◆ WHAT IS EXPECTED: Once you find the line with "image for item EH5337 2014 Broce KR350 broom", transcribe it and all the lines that follow to the end of the data, exactly as written; skip any pictures.

◆ INFORMATION GIVEN:
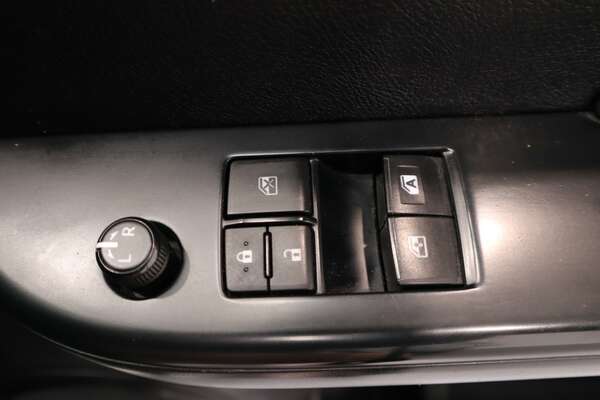 2016 Toyota HiLux 4x2 Workmate 2.7Lual1Y 001 1Y20150DX
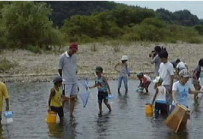 自然観察をしている子供たち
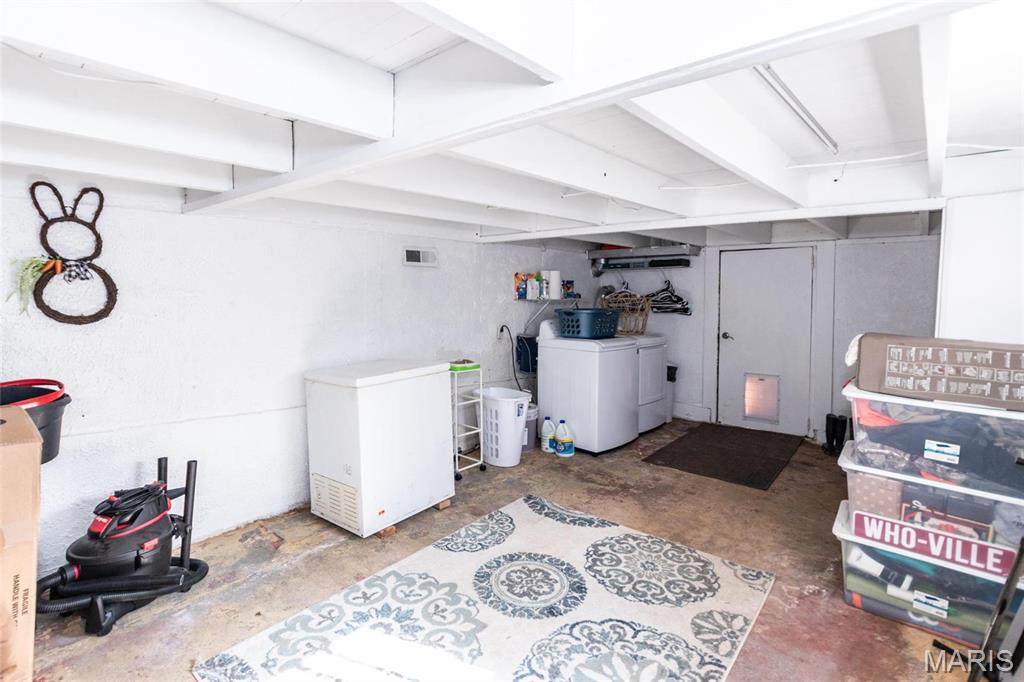 House Springs, Missouri 63051, United States, 3 Bedrooms Bedrooms, ,1 BathroomBathrooms,Residential,Active,94360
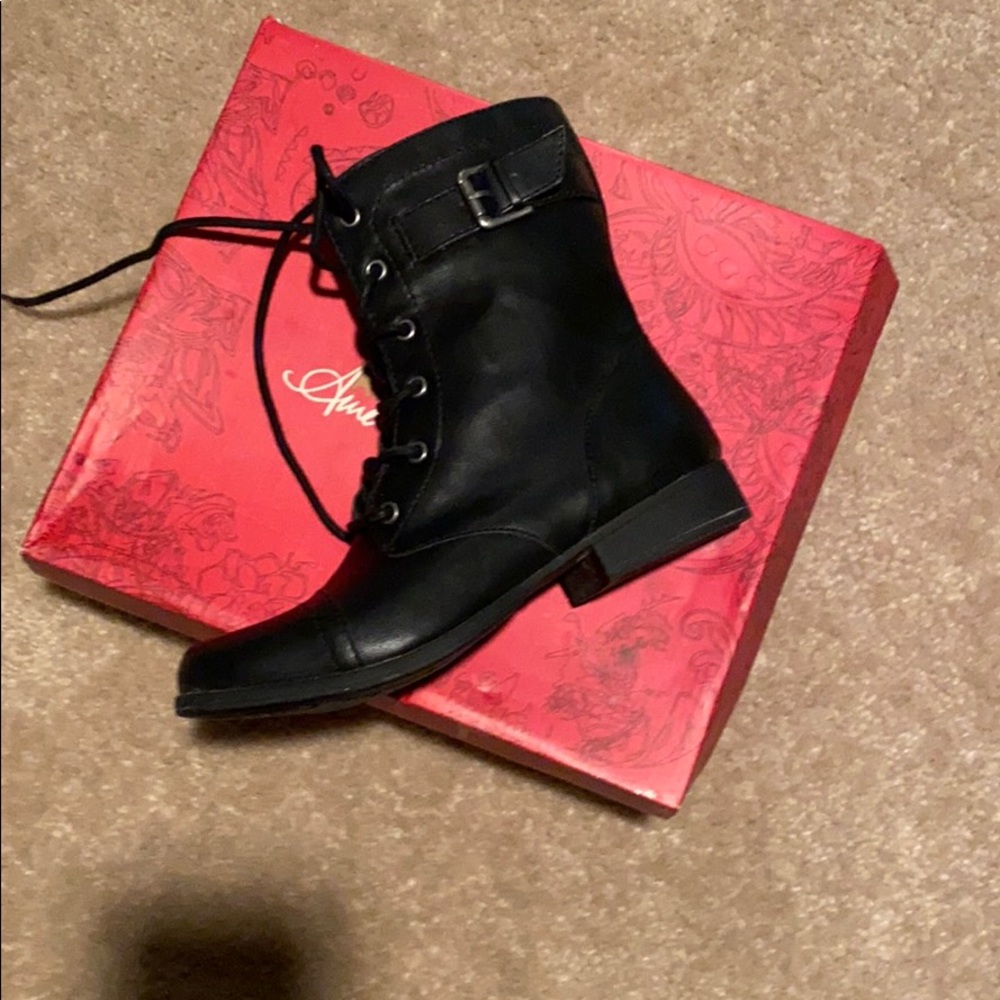Cute Boots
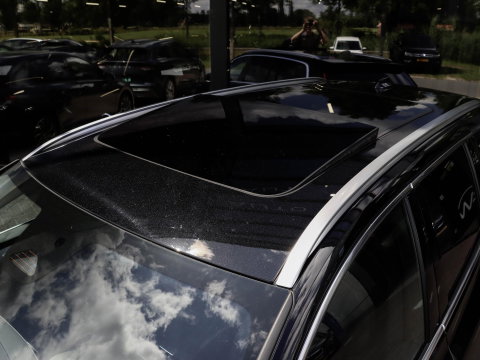 Volvo V60 T6 AWD Ultra Bright Bowers & Wilkins 360 Stoelvent. Massage Trekh. Akoestisch glas SOH 102%
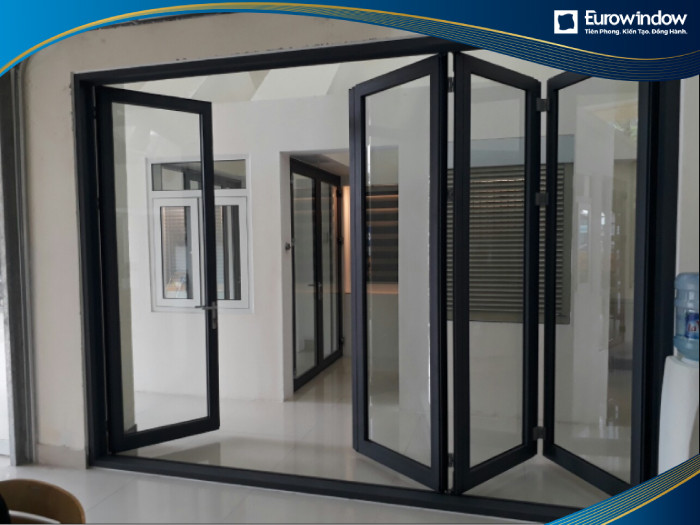 Cửa đi nhôm 4 cánh xếp trượt sử dụng tại tòa nhà văn phòng không những không cản trở lối đi mà còn có thể mở rộng liên kết các không gian.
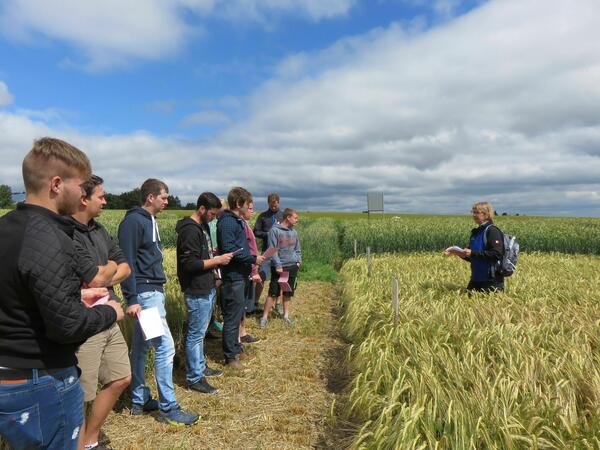 Seit 100 Jahren bildet die Fachschule fr Landwirtschaft in Donaueschingen Landwirte und Landwirtinnen sowie Fachkrfte fr Hauswirtschaft aus.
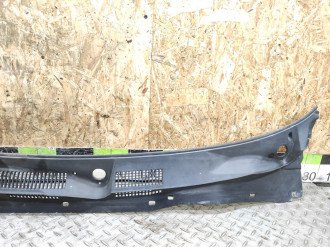 Жабо Nissan Micra K11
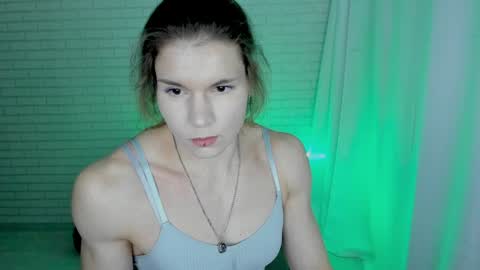 Snapshot of lisa_ree_ chatting on 01-23-25, 12:19 lisa online show from 01-23-25, 12:19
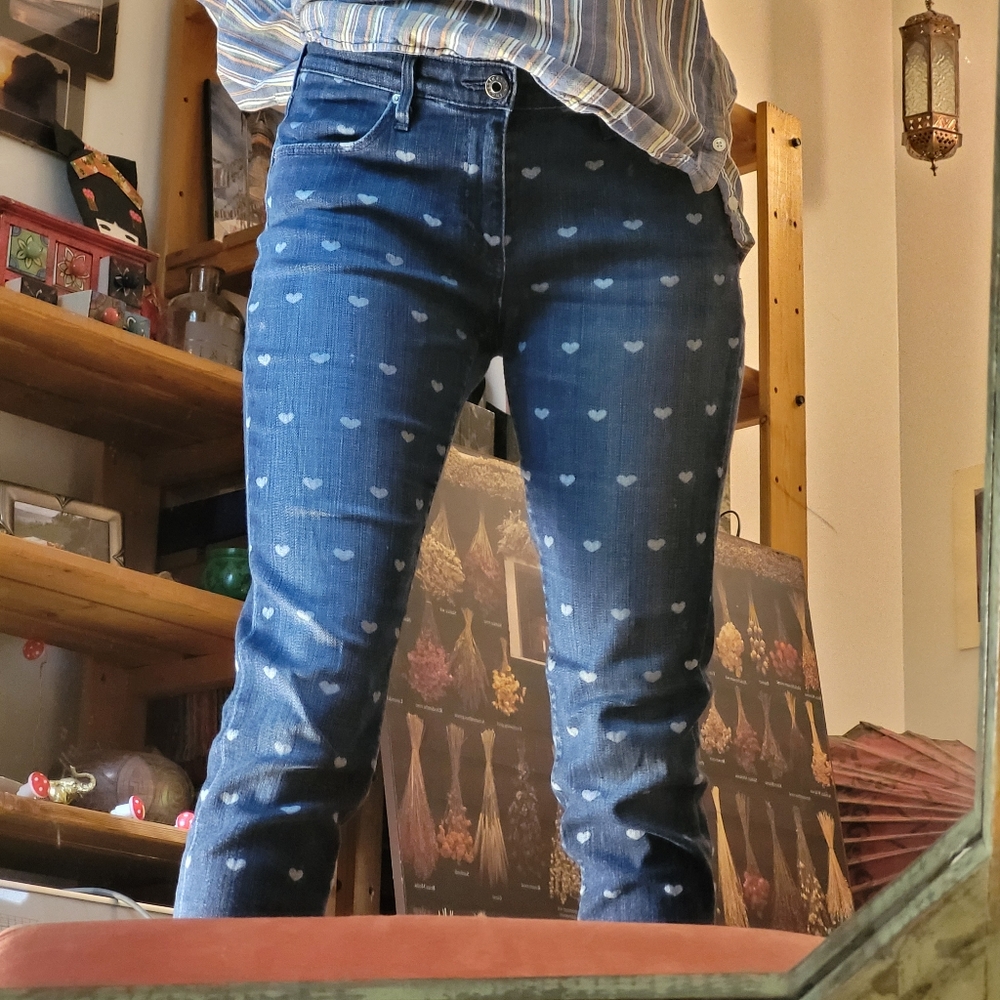 Adriano Goldschmied The Stevie Ankle Slim Straight Leg Hearts Print Jeans - 30R - Picture 7 of 7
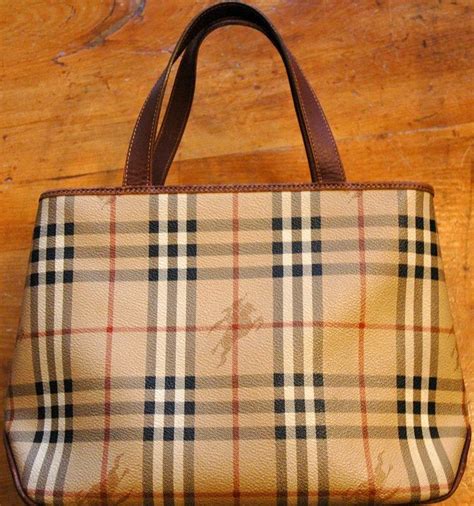 Come riconoscere una borsa Burberry originale. 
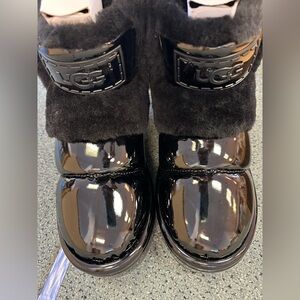 New Ugg’s chillapeak with box never used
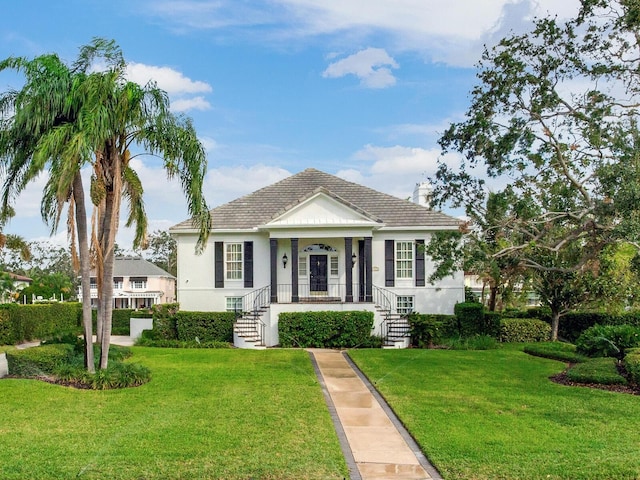 view of front of home featuring a porch and a front lawn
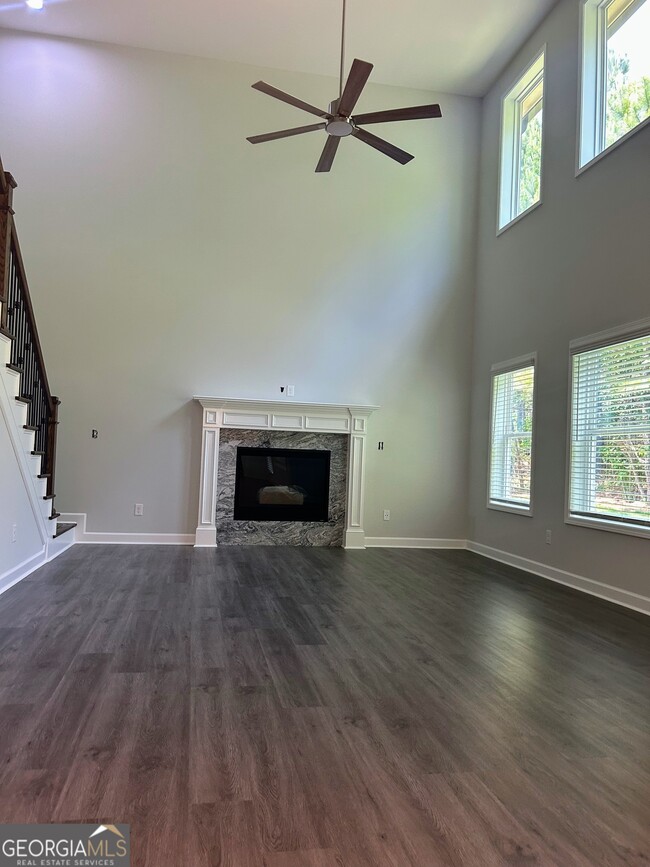 Building Photo - 3710 Renaissance Cir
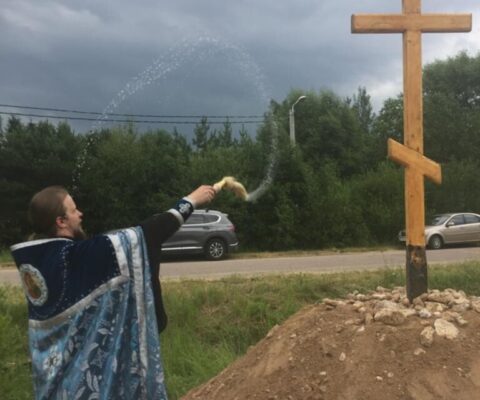Освящение поклонного креста в деревне Минино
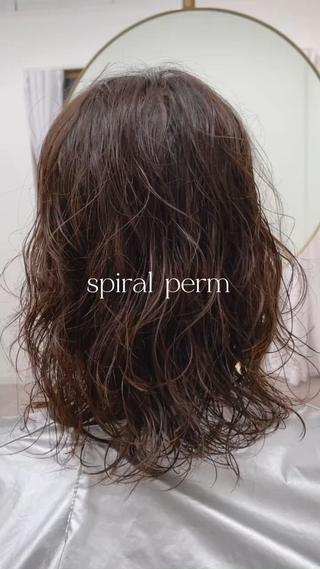 ミディアム パーマ Miyamoto Yasuchikaのヘアスタイル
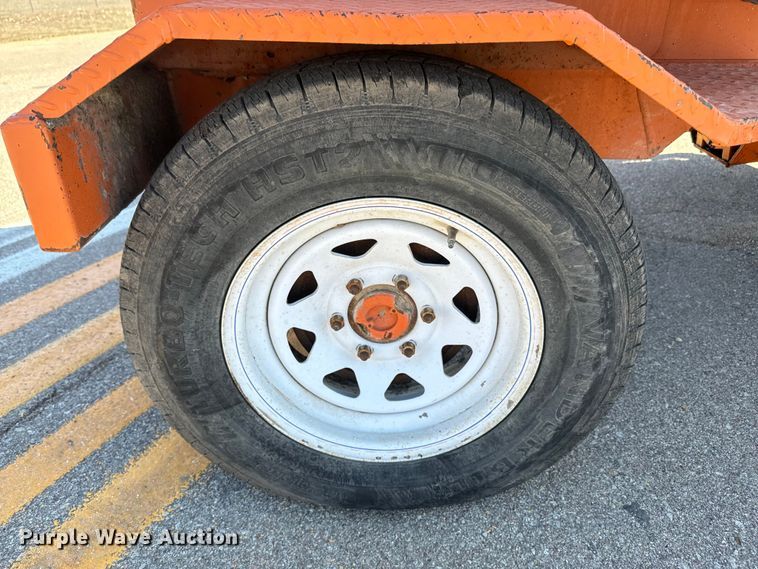 image for item EH5337 2014 Broce KR350 broom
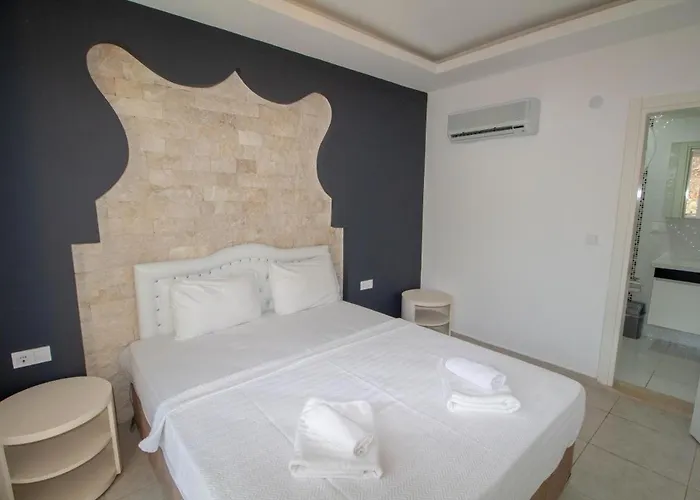 Cihan Villa, Oezel Havuzlu, Вилла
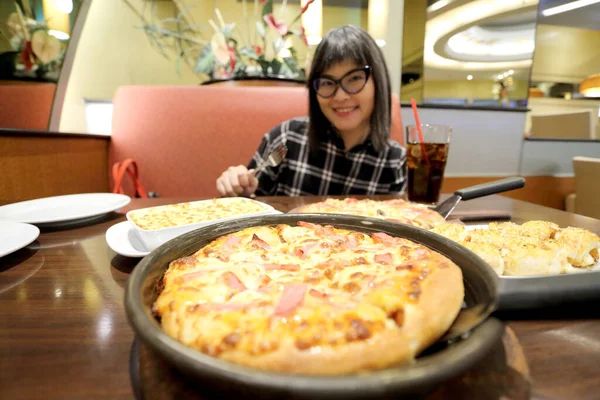 Asian Woman Fastfood — Stock Photo, Image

◆ RESPONSE TO THE EXERCISE:
 image for item EH5337 2014 Broce KR350 broom
 Cihan Villa, Oezel Havuzlu, Вилла
 Asian Woman Fastfood — Stock Photo, Image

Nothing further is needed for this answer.